■ ACTIVITY ■
A verbatim copy is needed of the lines below from the one containing "구김없는 바스락 링클프리 여성 셔츠 블라우스 오피스룩 출근룩 (55-77까지)" up to and including the one containing "Kusursuz şekilli sıcak", excluding pictures.

■ THE DATA ■

- Opening Delimiter -

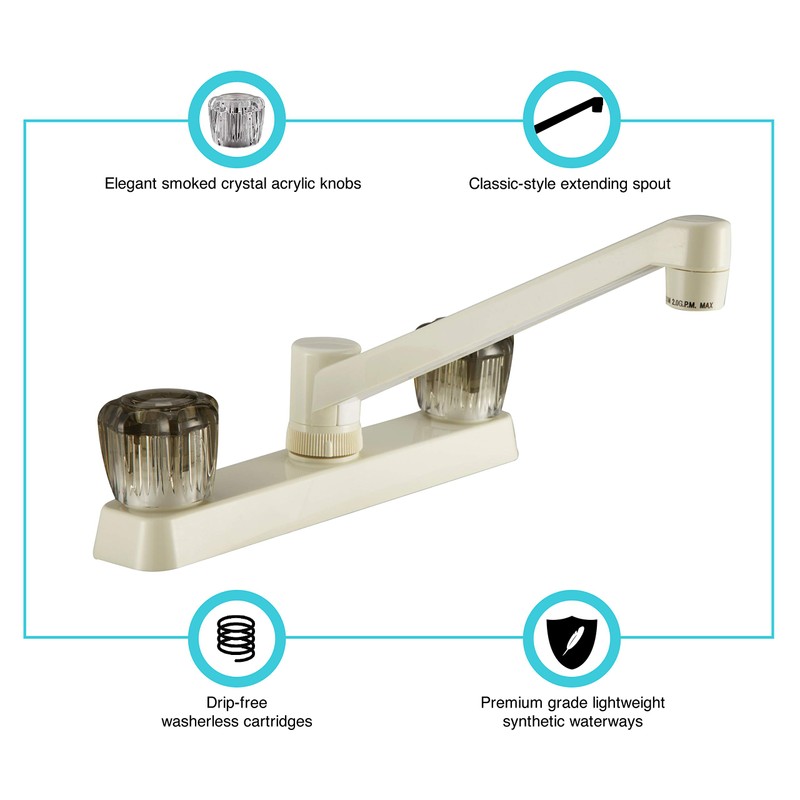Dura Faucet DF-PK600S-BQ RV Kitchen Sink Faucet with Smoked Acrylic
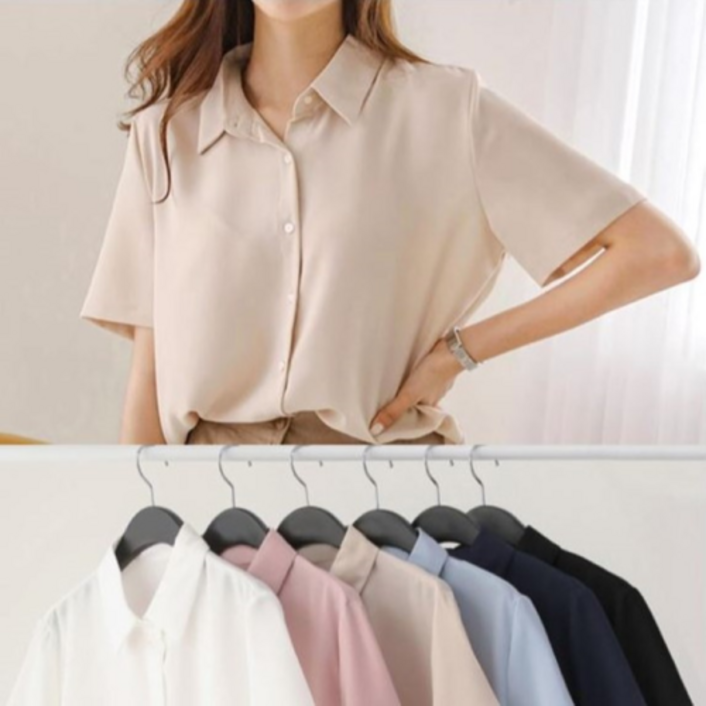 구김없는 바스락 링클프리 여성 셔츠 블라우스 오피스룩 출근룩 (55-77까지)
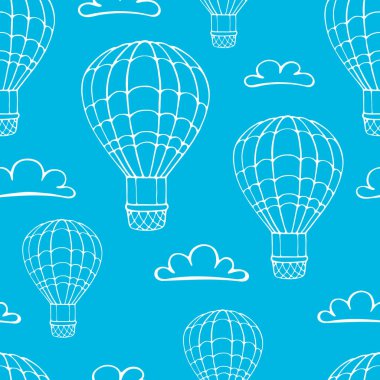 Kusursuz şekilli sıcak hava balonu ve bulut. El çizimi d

- Closing Delimiter -
- Opening Delimiter -

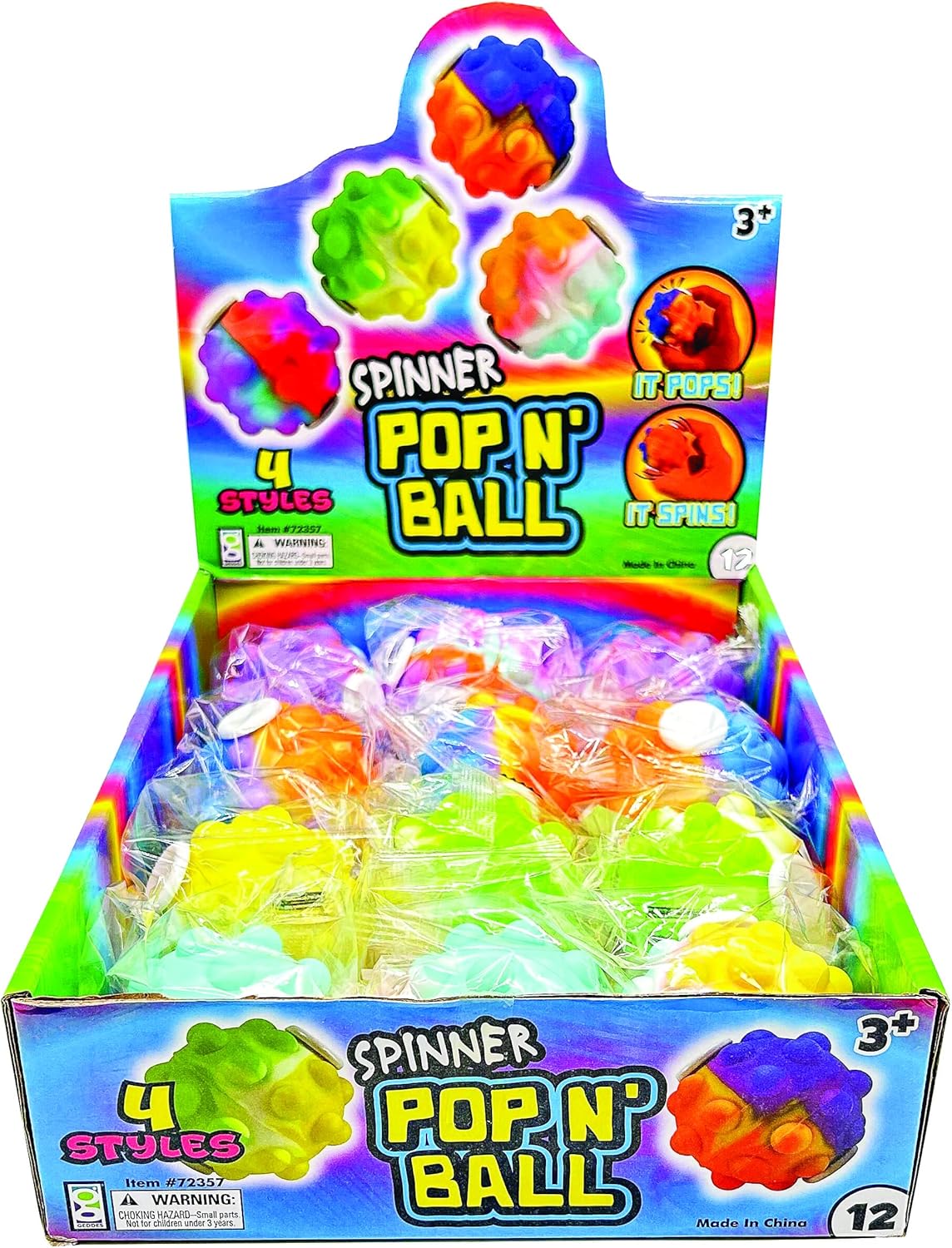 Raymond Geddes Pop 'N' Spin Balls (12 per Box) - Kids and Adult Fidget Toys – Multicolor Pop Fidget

- Closing Delimiter -

■ TASK RESPONSE ■
 구김없는 바스락 링클프리 여성 셔츠 블라우스 오피스룩 출근룩 (55-77까지)
 Kusursuz şekilli sıcak hava balonu ve bulut. El çizimi d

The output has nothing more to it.